By Robert P. Laurence
Elizabeth Montgomery has done some fine acting in "Between the Darkness and the Dawn." As for the scriptwriters, we-e-e-ell
An NBC made-for-TV movie, "Between the Darkness and the Dawn," airs at 9-11 p.m. tomorrow on KCST, Channel 39.
We are supposed to believe it concerns what the screen doctor calls "a rare encephalitis" which plunges a healthy teen-ager into a semicomatose daze for 20 years, then allows her to wake up to a changed world.
In truth, it's a scriptwriter's daydream: how about rewriting the Rip Van Winkle legend and making it a soap opera?
Let's establish one principle from the outset. Encephalitis does not
work that way. We are not dealing with a story based on fact.
"It sounds pretty much like science fiction," said Dr. Richard Smith, director of San Diego's Center for Neurological Studies, on hearing the plot for "Darkness."
In a recent case of encephalitis, he said, a man was in a coma for six to eight weeks, and has partially recovered. "That is considered extreme," Smith said.
"If a person woke up after a year, it would be extraordinary. For someone to wake up after 20 years would require new forms of therapy that we can't see on the horizon."
Encephalitis, he added, can result in comas lasting several years, "but people don't come out of them ... I think it's literary license to explore ...an interesting theme."
The theme in "Darkness" is that the victim awakens to find that her boyfriend has in the meantime married her sister, and their son looks exactly like the former boyfriend did at 17. Which is not too surprising because the same young actor, Tim Maier, plays both.
Montgomery plays the adult Abigail Foster (Lori Birdsong portrays the teen-ager), who one night after 20 unconscious years awakens to the sound of wind chimes in her window. She gets up, but falls and reverts to her comatose state.
A couple of scenes later, she's really awake. But she thinks she's still 17 years old, and she complains that her sister, Ellen, keeps borrowing her stuff and not returning it. That theme will surface again later.
Eventually she realizes something is wrong, and Montgomery's best
work begins as realization dawns.
"How long have I been asleep, Mama," she asks her mother, played by Dorothy McGuire. "How long? A month, a year, how long?
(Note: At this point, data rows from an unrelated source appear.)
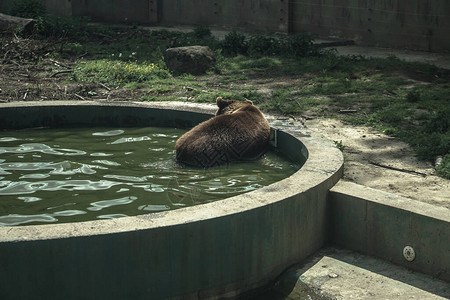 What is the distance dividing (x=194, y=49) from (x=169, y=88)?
2.04m

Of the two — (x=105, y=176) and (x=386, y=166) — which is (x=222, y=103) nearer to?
(x=105, y=176)

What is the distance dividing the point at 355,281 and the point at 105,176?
286 cm

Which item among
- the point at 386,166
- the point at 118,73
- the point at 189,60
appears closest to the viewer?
the point at 386,166

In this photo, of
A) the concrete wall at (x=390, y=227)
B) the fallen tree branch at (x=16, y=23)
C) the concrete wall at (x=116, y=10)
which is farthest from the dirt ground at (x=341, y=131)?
the concrete wall at (x=116, y=10)

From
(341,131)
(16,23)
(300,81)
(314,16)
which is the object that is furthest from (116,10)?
(341,131)

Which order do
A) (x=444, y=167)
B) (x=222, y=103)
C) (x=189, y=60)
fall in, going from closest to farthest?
(x=444, y=167) → (x=222, y=103) → (x=189, y=60)

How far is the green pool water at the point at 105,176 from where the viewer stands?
18.9 feet

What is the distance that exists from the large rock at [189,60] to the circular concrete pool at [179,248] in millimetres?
6823

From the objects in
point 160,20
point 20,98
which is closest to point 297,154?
point 20,98

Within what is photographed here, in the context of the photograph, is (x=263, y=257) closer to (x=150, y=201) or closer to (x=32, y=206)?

Where are my posters, my school books, where are my clothes?"
Considering that the story is as shaky as Abigail's walk, Montgomery's' performance is quite solid, ranging from Abigail's puzzlement to her later happiness, resolve and lingering fear. All the while, her performance is convincing, understanding and subtle. Her anguish the first time she looks in a mirror and examines the changes in her face is almost palpable.
The rest of the performances, particularly McGuire's, are almost equally skillful, but all in a losing cause.
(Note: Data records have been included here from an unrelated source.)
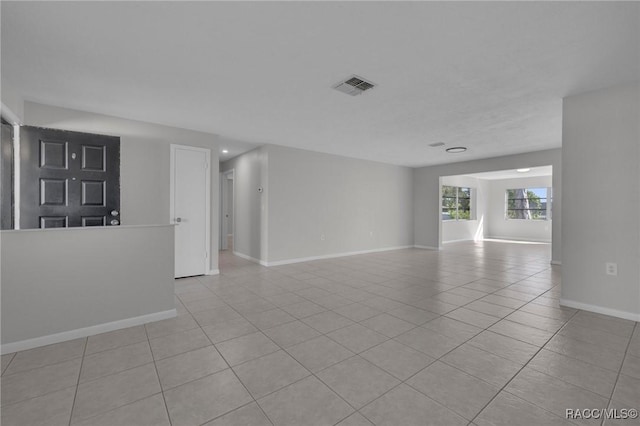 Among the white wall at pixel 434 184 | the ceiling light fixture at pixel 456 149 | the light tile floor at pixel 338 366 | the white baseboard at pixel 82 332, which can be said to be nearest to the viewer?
the light tile floor at pixel 338 366

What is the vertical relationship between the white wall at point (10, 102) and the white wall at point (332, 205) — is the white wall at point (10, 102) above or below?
above

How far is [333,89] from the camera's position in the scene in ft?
10.1

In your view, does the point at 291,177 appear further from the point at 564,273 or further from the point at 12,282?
the point at 564,273

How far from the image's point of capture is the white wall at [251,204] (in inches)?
227

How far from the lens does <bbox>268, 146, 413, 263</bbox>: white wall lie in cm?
583

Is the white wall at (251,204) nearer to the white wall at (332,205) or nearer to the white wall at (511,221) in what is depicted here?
the white wall at (332,205)

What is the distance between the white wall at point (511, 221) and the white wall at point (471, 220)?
0.36 metres

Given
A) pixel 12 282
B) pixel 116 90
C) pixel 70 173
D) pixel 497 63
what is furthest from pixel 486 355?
pixel 70 173

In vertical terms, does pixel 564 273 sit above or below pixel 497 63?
below

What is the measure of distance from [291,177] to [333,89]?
A: 10.1 feet

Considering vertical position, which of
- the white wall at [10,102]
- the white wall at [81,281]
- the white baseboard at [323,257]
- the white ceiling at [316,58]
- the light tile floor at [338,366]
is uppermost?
the white ceiling at [316,58]

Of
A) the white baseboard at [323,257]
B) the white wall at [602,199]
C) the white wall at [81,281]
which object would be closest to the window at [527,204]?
the white baseboard at [323,257]

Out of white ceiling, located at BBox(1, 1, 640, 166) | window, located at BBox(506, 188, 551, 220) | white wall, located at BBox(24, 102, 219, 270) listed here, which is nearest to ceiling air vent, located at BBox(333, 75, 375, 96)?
white ceiling, located at BBox(1, 1, 640, 166)

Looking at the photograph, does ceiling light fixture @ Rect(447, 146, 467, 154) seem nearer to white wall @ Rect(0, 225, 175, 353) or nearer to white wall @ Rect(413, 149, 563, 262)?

Pretty soon, Abigail is trying to rekindle her romance with David, now married to her sister. The sister is expressing the old sibling rivalries about who was prettier and smarter.
"I remember how she was, and why I couldn't stand her," mutters the sister, played by Karen Grassle. "She had everything."
Meanwhile, the doctor who cared for Abigail for 20 years simply drops from sight.
Meanwhile, all the obvious Rip Van Winkle possibilities are explored
one-by-one -- computers, video games, aerobics -- as the script continues to raise interesting dramatic possibilities and trivialize each in turn. Her life, meanwhile, turns into a continuous high school reunion: "You married Arthur?"
Eventually, Abigail forms an attachment to Jack Parrish, a teacher at the high school, and she resumes her own studies. But she has to defend herself against the possessiveness of her mother, who is unwilling to let go of the onetime invalid.
All the while, the drama offers one solid chuckle. At a dinner party Abigail is heard to utter incredulously, "Ronald Reagan is President!?" She explodes into uncontrolled laughter.